I've actually been mapping out an idea for an entire FakeDex. I've already imagined the starters (Fire/Steel Armadillo line, Water/Psychic Mermaid line, and Ghost/Grass Jack-o-Lantern line), Route 1 rodents and birds (Mongoose and Mockingbird respectiveley), Rock/Ice Smilodon and Rock/Electric Oviraptor Fossil lines, an Electric/Fighting Kangaroo line, and my version mascots, Scorpio and Ares themed. I'm so unoriginal. :(


----------



## Spoon (May 30, 2011)

I've made a few serious Fakemon, but most of my Fakemon are just silly gags that were co-created with a friend and that were ridiculously fun to make.


----------



## Thorne (May 30, 2011)

Banchain [Ghost/Steel], as drawn by Kratos Aurion

Yes, I do still love this to bits.


----------



## Professor Wesker (Jun 1, 2011)

Thorne Rainfall said:


> Banchain [Ghost/Steel], as drawn by Kratos Aurion
> 
> Yes, I do still love this to bits.


Looks cute! I love Banchain!


----------



## Byrus (Jun 2, 2011)

Dannichu said:


> As drawn by an artist much greater than I - enjoy ^^


Ah, nostalgia. I really enjoyed Mewkitty's renditions of fakemon. My favourite was that poison type Pikachu named Pukachu (hehe) and that poison type eevee evolution that I can't remember the name of. Too bad she didn't upload those into her DA gallery before she disappeared. 

For me, I like drawing mutated monstery things, which I'll occasionally say are Pokémon and occasionally say are just monsters.

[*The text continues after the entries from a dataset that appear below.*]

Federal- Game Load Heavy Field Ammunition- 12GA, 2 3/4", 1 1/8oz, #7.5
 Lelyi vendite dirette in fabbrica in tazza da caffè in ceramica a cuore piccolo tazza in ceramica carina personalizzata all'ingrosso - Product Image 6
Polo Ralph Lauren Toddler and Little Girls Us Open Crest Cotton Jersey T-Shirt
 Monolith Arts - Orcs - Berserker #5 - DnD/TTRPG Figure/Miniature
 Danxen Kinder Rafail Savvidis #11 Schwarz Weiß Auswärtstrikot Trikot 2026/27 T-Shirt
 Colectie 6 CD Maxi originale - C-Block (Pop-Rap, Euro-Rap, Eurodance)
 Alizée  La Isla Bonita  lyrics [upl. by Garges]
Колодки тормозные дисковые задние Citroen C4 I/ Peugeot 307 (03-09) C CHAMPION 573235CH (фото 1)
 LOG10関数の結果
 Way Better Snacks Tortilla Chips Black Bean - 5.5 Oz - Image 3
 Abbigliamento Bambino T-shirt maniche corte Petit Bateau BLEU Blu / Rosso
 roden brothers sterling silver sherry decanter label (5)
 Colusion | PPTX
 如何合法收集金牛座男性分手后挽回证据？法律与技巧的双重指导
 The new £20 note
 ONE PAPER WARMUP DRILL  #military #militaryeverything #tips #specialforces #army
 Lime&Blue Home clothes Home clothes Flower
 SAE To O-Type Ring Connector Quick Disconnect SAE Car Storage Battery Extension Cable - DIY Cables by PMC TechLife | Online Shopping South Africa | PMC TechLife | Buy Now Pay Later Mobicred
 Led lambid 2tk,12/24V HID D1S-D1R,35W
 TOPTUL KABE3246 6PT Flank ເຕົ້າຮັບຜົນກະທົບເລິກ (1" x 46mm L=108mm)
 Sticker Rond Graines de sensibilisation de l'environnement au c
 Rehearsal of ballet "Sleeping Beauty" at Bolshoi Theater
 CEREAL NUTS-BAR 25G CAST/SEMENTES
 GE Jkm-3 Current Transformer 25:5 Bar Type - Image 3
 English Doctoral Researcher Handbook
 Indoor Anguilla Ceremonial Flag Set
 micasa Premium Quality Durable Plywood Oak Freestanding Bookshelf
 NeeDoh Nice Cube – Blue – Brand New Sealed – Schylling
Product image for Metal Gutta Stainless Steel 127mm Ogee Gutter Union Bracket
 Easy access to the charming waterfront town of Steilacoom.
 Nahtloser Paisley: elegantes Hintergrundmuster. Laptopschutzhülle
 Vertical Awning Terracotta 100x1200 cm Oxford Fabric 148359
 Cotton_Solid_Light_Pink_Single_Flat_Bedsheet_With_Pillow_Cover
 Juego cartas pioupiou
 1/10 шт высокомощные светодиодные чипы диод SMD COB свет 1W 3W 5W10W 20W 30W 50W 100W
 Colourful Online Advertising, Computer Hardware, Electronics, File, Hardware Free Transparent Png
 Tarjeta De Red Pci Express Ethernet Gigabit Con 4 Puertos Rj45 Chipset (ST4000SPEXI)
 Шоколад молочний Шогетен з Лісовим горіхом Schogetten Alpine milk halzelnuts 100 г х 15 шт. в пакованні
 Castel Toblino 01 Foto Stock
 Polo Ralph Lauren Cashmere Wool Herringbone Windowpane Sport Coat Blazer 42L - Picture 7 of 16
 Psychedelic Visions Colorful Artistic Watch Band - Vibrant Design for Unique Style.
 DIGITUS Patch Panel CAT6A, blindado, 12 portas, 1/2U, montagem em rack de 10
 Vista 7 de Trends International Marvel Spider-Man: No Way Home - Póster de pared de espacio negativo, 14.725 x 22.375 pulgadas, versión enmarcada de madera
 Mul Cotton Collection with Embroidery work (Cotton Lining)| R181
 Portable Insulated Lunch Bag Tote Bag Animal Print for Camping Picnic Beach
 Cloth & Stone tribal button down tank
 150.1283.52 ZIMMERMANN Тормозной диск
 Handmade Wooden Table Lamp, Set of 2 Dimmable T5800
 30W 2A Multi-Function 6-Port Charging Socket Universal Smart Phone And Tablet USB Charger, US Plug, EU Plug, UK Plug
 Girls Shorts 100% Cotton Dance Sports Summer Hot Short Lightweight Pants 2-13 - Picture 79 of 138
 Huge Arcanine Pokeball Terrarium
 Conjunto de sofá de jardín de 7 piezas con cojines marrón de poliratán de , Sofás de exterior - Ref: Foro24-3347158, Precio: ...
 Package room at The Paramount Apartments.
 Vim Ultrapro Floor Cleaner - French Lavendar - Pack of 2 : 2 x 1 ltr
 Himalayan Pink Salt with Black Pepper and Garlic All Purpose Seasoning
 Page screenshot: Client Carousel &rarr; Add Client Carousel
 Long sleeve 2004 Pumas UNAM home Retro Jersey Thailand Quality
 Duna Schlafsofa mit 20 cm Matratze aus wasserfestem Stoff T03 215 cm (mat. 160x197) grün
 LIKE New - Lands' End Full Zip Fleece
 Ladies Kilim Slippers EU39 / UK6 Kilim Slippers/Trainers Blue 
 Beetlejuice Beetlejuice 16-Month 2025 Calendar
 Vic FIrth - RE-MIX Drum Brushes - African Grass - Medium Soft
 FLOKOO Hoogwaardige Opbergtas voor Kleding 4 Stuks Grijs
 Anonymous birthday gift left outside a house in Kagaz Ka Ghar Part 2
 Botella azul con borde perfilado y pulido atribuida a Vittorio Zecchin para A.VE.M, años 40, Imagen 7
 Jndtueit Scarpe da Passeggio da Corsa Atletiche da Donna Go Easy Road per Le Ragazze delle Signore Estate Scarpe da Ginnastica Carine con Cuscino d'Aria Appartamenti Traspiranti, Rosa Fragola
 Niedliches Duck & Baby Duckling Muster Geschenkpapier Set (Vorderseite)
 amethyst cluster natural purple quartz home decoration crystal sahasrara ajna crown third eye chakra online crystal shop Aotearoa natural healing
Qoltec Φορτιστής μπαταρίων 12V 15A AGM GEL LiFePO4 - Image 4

There's Serpenate, a poison/psychic type that I was planning to submit to the dex registry. Blastoise also did a really neat sprite of it for me.

Then there's Slought, another poison/psychic type I was also planning to submit to the dex registry some time. But it was too complicated for a sprite and also not very pokémonish.

I'm working on a fly Pokémon right now, maybe based on the bot-fly specifically, because I really want a gross fly Pokemon dammit. Also a roach. (c'mon game freak plz)


----------



## Arylett Charnoa (Jun 2, 2011)

I've made a few, but they... have been really nonsensical, so I reverted them to my own original monsters called Creations.

Some former ones though?

Amini and Amawt. (I think... Dark/Flying?) And uh, well, there's these three guys (also see, avvie and signature banner) which are supposed to be me if you made me into a Pokémon. There's also this Grass Starter Quail (1, 2, 3) I made a really long time ago without realizing it was similar to one of Butterfree's fakes in her sprite gallery (really long ago, before I even knew TCoD existed), a Fire Starter ghost cat named after a rocketship (1, 2, 3), and an Water Starter eel snake poison thing (1, 2, 3). 

Otherwise, I don't really make fakemon anymore. (And please note that all of those pictures are really old, especially the MS Paint ones.)


----------